# Thread: Area under graph question. Integral of ln.

1. ## Area under graph question. Integral of ln.

Can't seem to solve this question:

Sketch the graph of ln(x-3), then, without evaluating the integral, prove that

3/2ln10 < Integral of lnlx-3l, upper limit = 8, lower limit = 5 < ln125

Sorry I can't type the inequalities out in proper form ><, and by lx-3l I mean the modulus/absolute value.

This question falls under the topic of 'area under curve by integration', so I know it has something to do with that, but I just can't figure it out.
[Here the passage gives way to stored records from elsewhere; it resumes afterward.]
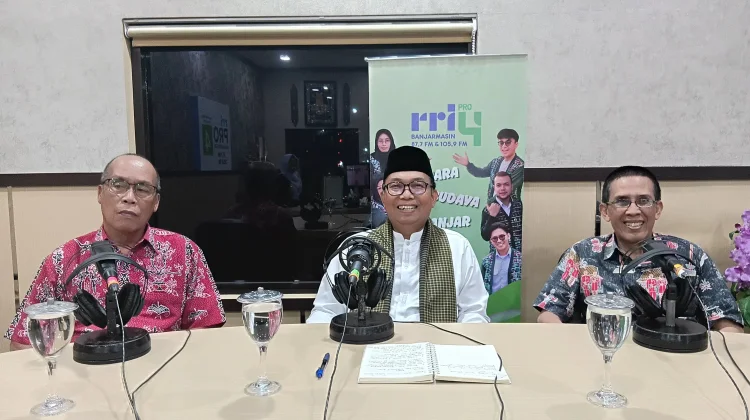 Ragam Budaya IKASBA: Ondel-Ondel Bukan Sekadar Hiburan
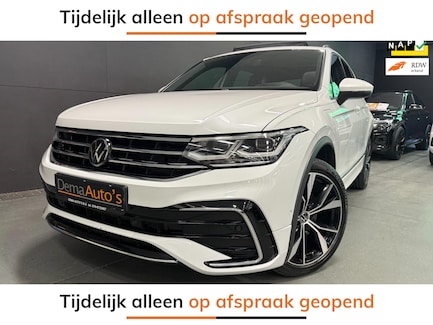 Volkswagen Tiguan 0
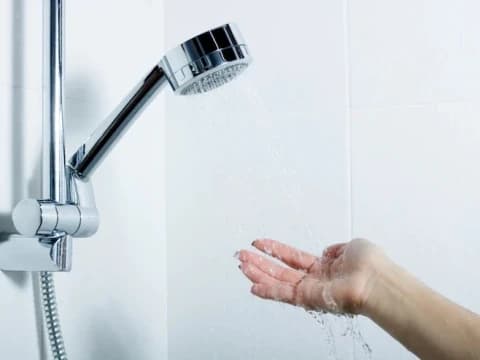 Doa Masuk Kamar Mandi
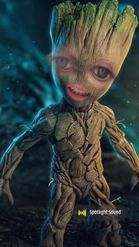 Preview for a Spotlight video that uses the groot Lens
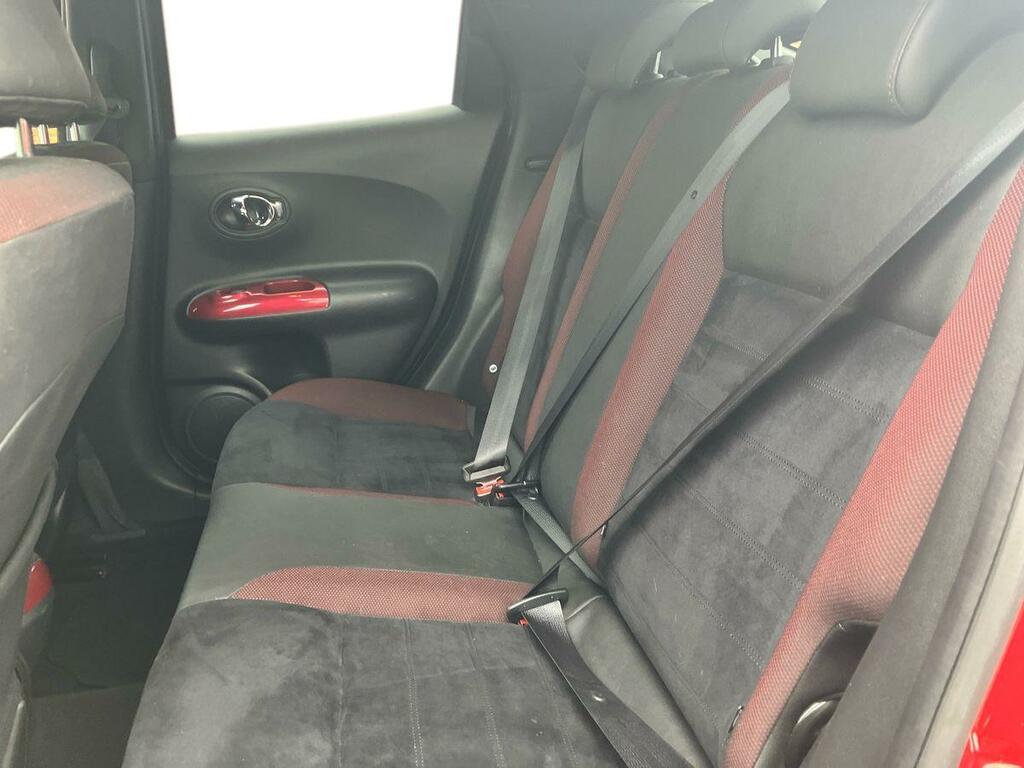 Nissan Juke Acenta Black #17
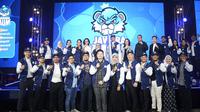 PT BRI Manajemen Investasi menggelar Appreciation Night dan peluncuran Culture Activation Program di Thamrin 9 Ballroom, UOB Plaza, Jakarta Pusat, Jumat (17/5/2024). (Dok BRI-MI)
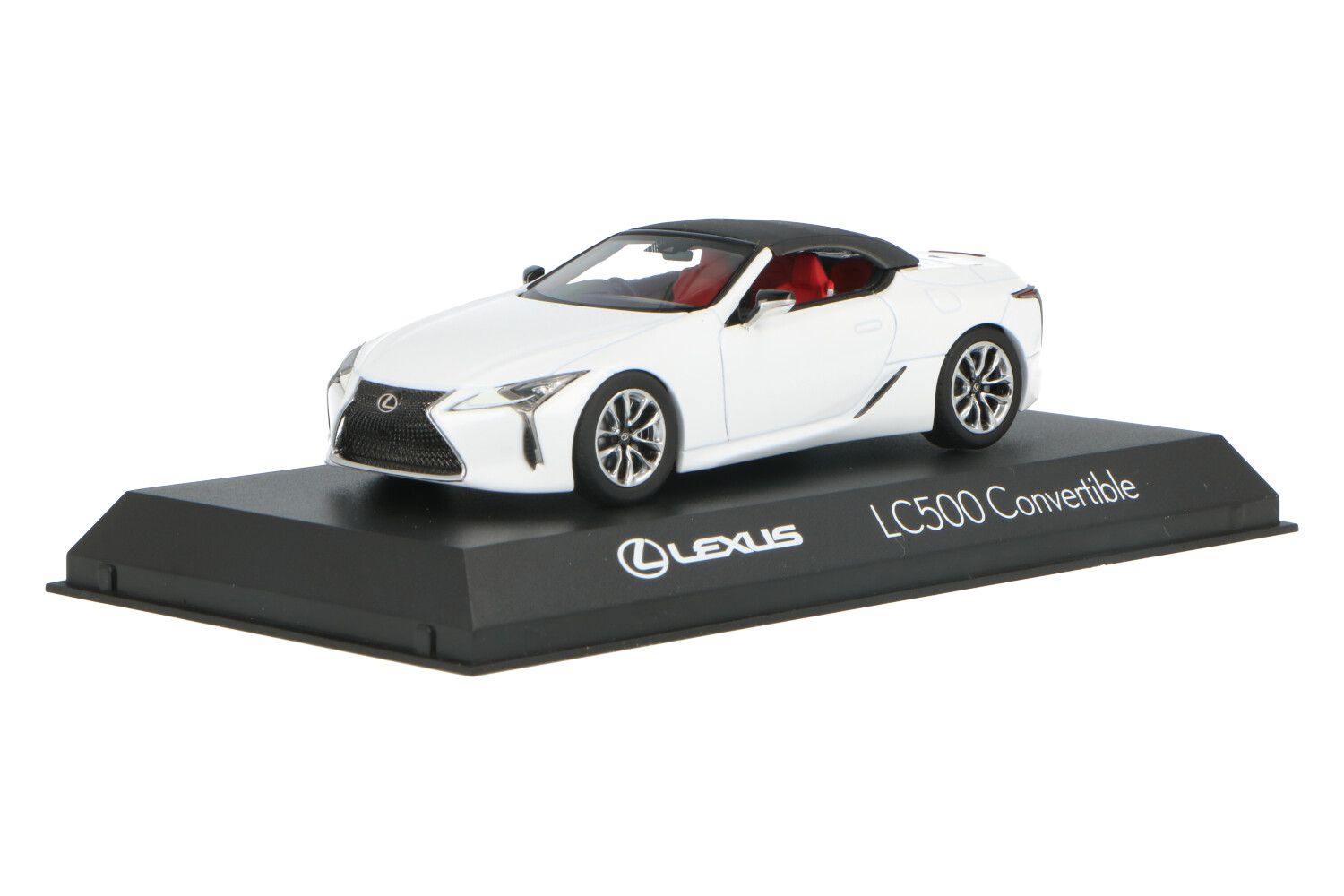 レクサス LC500 Convertible ミニカー Lexus LC500 Convertible | House of Modelcars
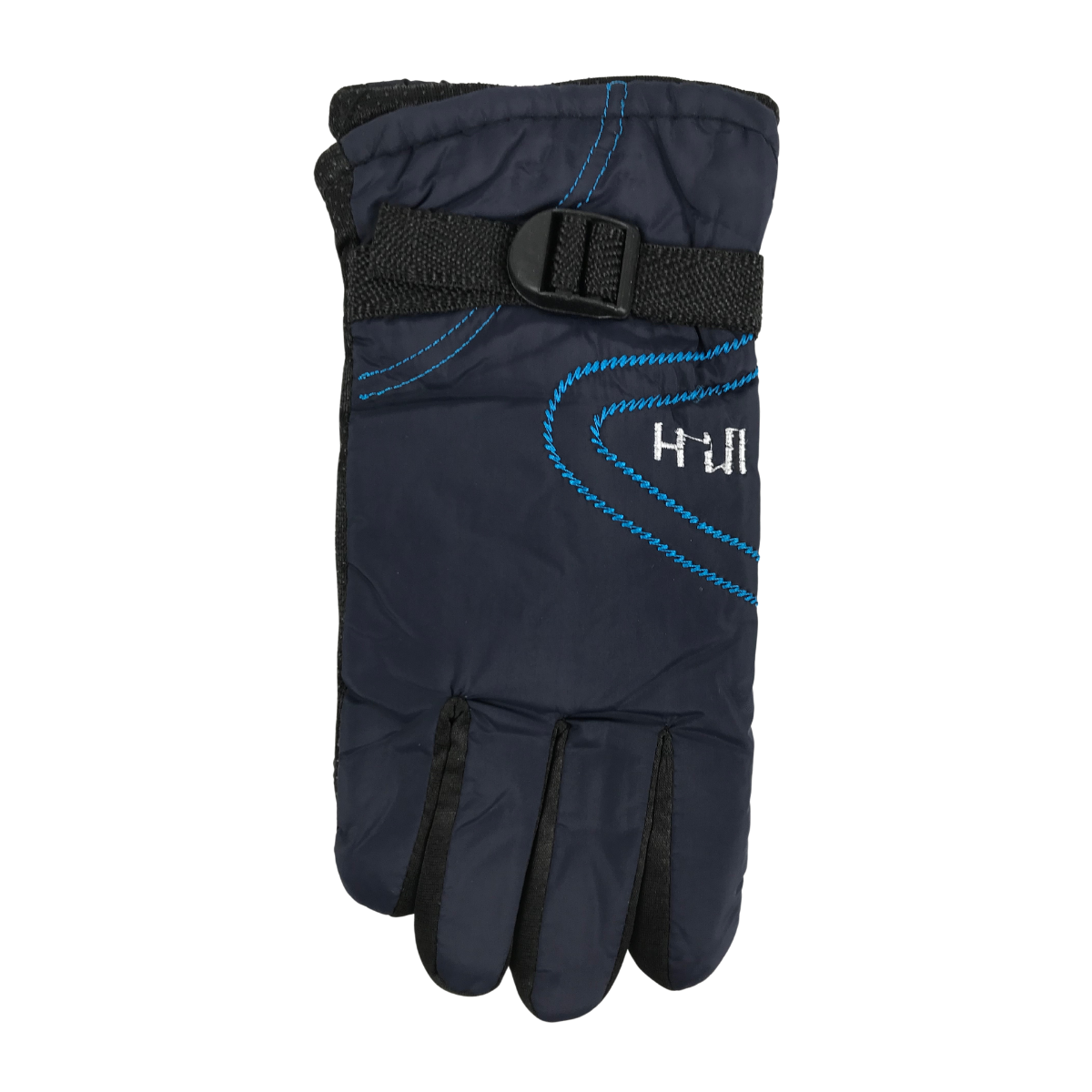 Guantes De Caballero Para Invierno Valiz Vg0053m  Azul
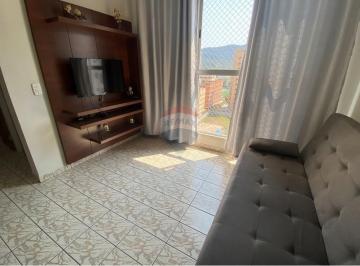 Apartamento · 70m² · 1 Quarto · 1 Vaga · Apartamento à venda Enseada Guarujá  SP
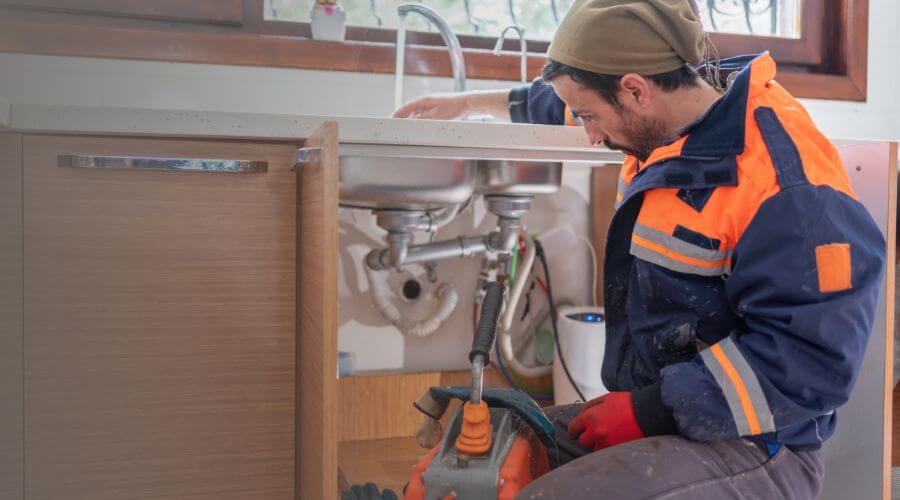 moen bathroom faucet repair in Clermont, IA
This is the graph with y = ln(x-3), y = 3/2ln10 and y = ln124

2. ## Re: Area under graph question. Integral of ln.

Hint:

Area of trapezoid: $A_T=\frac{1}{2}\left(B+b \right)h=\frac{3}{2}\left(\ln(2)+\ln(5) \right)=\frac{3}{2}\ln(10)$

Area of rectangle: $A_R=bh=3\ln(5)=\ln(125)$

3. ## Re: Area under graph question. Integral of ln.

Originally Posted by MarkFL2
Hint:

Area of trapezoid: $A_T=\frac{1}{2}\left(B+b \right)h=\frac{3}{2}\left(\ln(2)+\ln(5) \right)=\frac{3}{2}\ln(10)$

Area of rectangle: $A_R=bh=3\ln(5)=\ln(125)$
Woah, how did you see that so quickly

Ahh got it after drawing the whole graph out on paper. Thanks a lot

4. ## Re: Area under graph question. Integral of ln.

Glad to help. Rectangles and trapezoids are commonly used to approximate definite integrals, so those were the shapes I considered first.